“Education is our future – it’s everything. We must not settle for anything short of excellence in our schools.” — Former Governor Jim Hunt

By Ian Smith-Overman

As the Dream Team grows and the next vote in the lame duck session of congress approaches, we have been looking all around for new allies and ways to exert pressure on Senator Hagan who continues to hide behind CIR rhetoric while denying our dreams. Hagan has consistently rebuffed our requests for a face to face meeting and insists that piece-meal legislation like the Dream Act is not her preference. Unlike Hagan, we cannot afford to sit on our hands and watch as real CIR fails to appear—our lives and our friends’ lives have been put on hold by senate inaction.

Most recently, a group of us met with former NC governor and education champion Jim Hunt—someone Hagan has spoken of as a political “mentor.” Going into the event, we knew Hunt was an important figure in North Carolina history, but we had no idea how much he worked to improve education in our state over the past 30 years, having been the driving force behind programs like Smart Start and setting the groundwork for More at Four.

Hunt was speaking at Flyleaf books in Chapel Hill, promoting his recent biography written by longtime aide, Gary Pearce.

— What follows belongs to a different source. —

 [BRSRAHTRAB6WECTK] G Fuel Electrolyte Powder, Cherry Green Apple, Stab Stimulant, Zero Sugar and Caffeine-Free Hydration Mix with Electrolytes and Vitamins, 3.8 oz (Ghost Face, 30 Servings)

As we listened to Hunt outline highlights and goals of his career, it was clear he would be a natural ally of the DREAM Act, our team and improved access to higher education for all. After the talk ended, we waited in line preparing our quick statements to Hunt while he would sign our copy of his book.

We had a wish list going in: would Hunt support the DREAM Act? Would he help us pressure Hagan? Would he support what we were doing?

More than just support us, as soon as Hunt heard what we were fighting for, he let us know he was already going to bat for us. “I called her today, I talked to Hagan this afternoon and told her how important the DREAM Act is.”

We were excited and relieved; after so many show downs in which we felt a need to defend ourselves and prove our merits, here was a politician who knew our struggle and instantly validated our hard work.

Governor Hunt supported us simply for the fact that we as youth represent the future of NC and therefore need to be educated. Hunt also let us know that the battle would not end with the passage of the DREAM Act—that it was critical for us to remain engaged in the politics of our state and country.

As we walked out, Hunt wished us good luck and told us to stay in touch. In the parking lot, we stood around reflecting on the meeting with the former Governor, in a struggle that sometimes seems like a constant onslaught of difficulty and disappointment it feels good to know that someone out there in the establishment has got your back, without qualifications—without caveats.